Originally Posted by vid
Hydro-electric isn't a green solution, especially if you have displaced a significant amount of trees (which release methane as they rot in the reservoir for the first few years, probably polluting more per MW than a coal plant would for a time) and converted a wetland into farmland (wetlands filter water, farmland, unless it's just organic, tends to pollute waterways and watertables.) To power those 70,000,000 people, that hydro-electric dam has to be considerably larger than Three Gorges. It would be extremely expensive, unless your city is sitting on a lot of oil or a cheap labour pool.
I actually had this idea for the political evolution of the "super city-state" that I am developing. It would also help explain why the nation relied of hydroelectric power. In the valley were the reservoir would be built as part of the dam, there would be a major conflict zone were much of the forest would be destroyed by either deliberate fire bombings or accidental fires. As a result of the war with this adversary who I haven't really elaborated on yet, the city-state entered a alliance with a much larger super-power who in turn constructed the massive hydroelectric dam to both supply power to its ally (the city state) and to literally flood some of the adversaries hardened defensive positions in the valley. This eliminates the rotting tree problems and the environmental issues of the valley...seeing as the valley was obliterated in the war.
I don't know what to do about the farming issue. I kinda of want this city to be both great and yet have a few flaws to make it believable.
Well 15 years later and the war is over, the entire region belongs to the city state and the hydroelectric dam is turned over to the city much like how the panama canal was handed over to the Panamanians by the US. With a massive electricity monopoly in the region, the nation starts to accumulate wealth both from a large existing treasury, energy deals, large reserves of silver in the surrounding mountains and the end of a long hard war. The nation constructs a second, larger dam and builds smaller dams up in the surrounding mountains.

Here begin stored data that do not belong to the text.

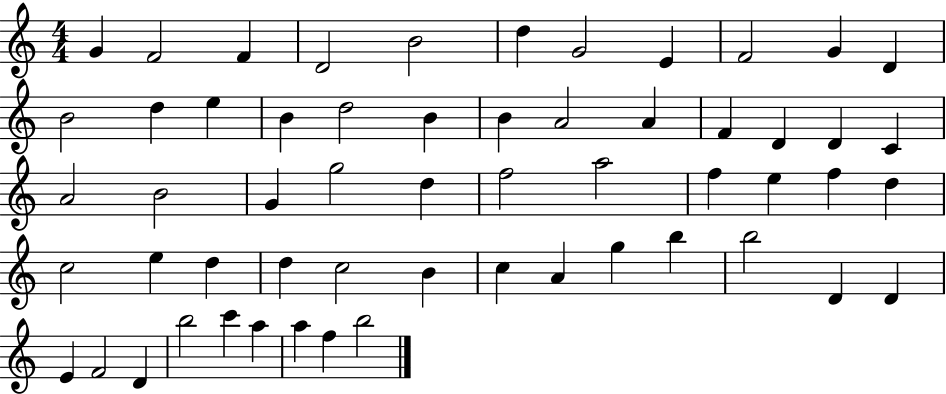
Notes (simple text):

G4/q F4/h F4/q D4/h B4/h D5/q G4/h E4/q F4/h G4/q D4/q B4/h D5/q E5/q B4/q D5/h B4/q B4/q A4/h A4/q F4/q D4/q D4/q C4/q A4/h B4/h G4/q G5/h D5/q F5/h A5/h F5/q E5/q F5/q D5/q C5/h E5/q D5/q D5/q C5/h B4/q C5/q A4/q G5/q B5/q B5/h D4/q D4/q E4/q F4/h D4/q B5/h C6/q A5/q A5/q F5/q B5/h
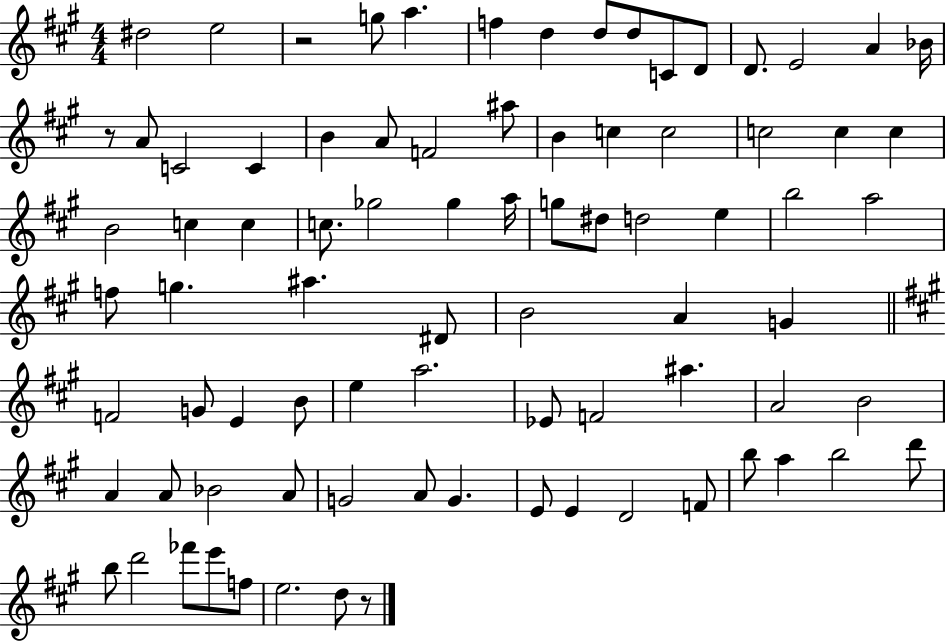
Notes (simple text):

D#5/h E5/h R/h G5/e A5/q. F5/q D5/q D5/e D5/e C4/e D4/e D4/e. E4/h A4/q Bb4/s R/e A4/e C4/h C4/q B4/q A4/e F4/h A#5/e B4/q C5/q C5/h C5/h C5/q C5/q B4/h C5/q C5/q C5/e. Gb5/h Gb5/q A5/s G5/e D#5/e D5/h E5/q B5/h A5/h F5/e G5/q. A#5/q. D#4/e B4/h A4/q G4/q F4/h G4/e E4/q B4/e E5/q A5/h. Eb4/e F4/h A#5/q. A4/h B4/h A4/q A4/e Bb4/h A4/e G4/h A4/e G4/q. E4/e E4/q D4/h F4/e B5/e A5/q B5/h D6/e B5/e D6/h FES6/e E6/e F5/e E5/h. D5/e R/e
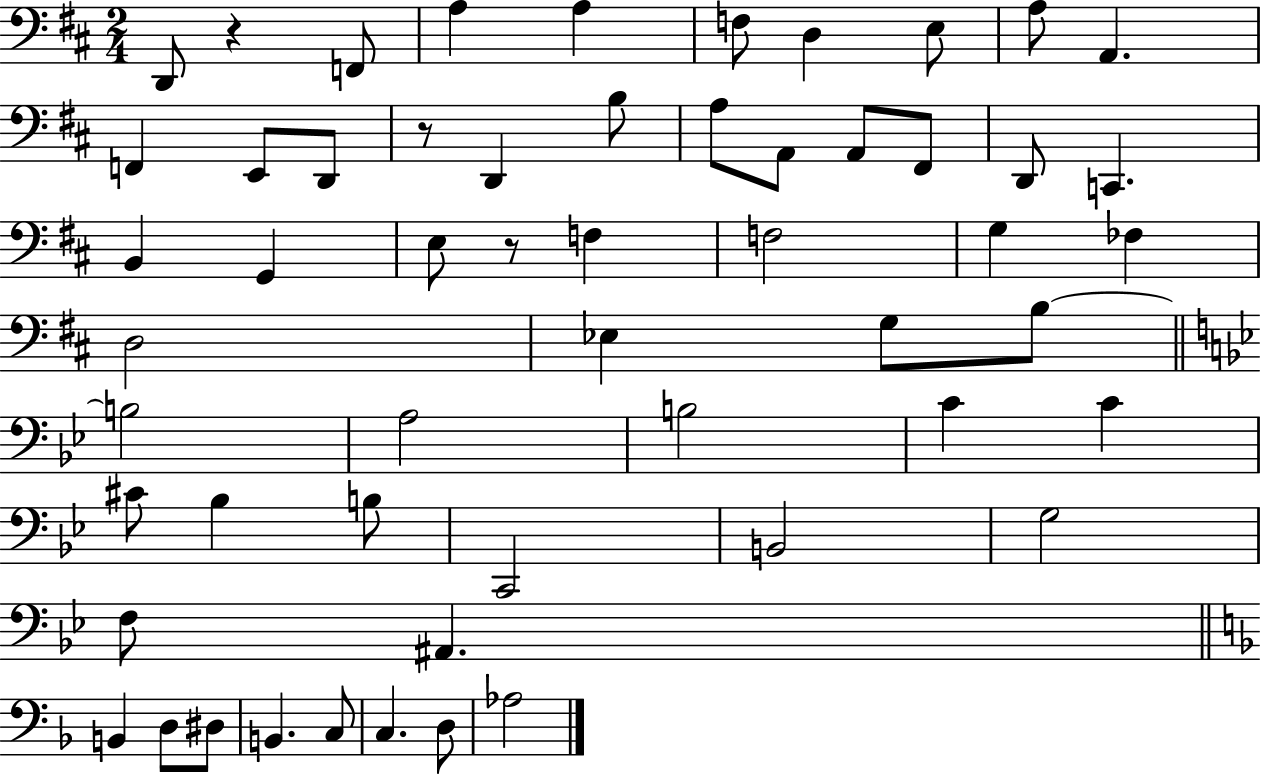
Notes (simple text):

D2/e R/q F2/e A3/q A3/q F3/e D3/q E3/e A3/e A2/q. F2/q E2/e D2/e R/e D2/q B3/e A3/e A2/e A2/e F#2/e D2/e C2/q. B2/q G2/q E3/e R/e F3/q F3/h G3/q FES3/q D3/h Eb3/q G3/e B3/e B3/h A3/h B3/h C4/q C4/q C#4/e Bb3/q B3/e C2/h B2/h G3/h F3/e A#2/q. B2/q D3/e D#3/e B2/q. C3/e C3/q. D3/e Ab3/h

So with a recent modernization and upgrades, the first dam produces 20 gigawatts. The second dam produces around 25 gigawatts and the smaller dams in the surrounding mountains produce a combined 18 gigawatts of power. Perhaps if the required power-per million people was lowered by privately owned rooftop solar power, power for 70 million could be achieved.
I was also wondering about another idea. Is there a sort of dam that doesn't actually block the rivers flow, but still produces energy? Kind of like how a water wheel doesn't have to block the river, but produces energy. Is there a name for what I am describing?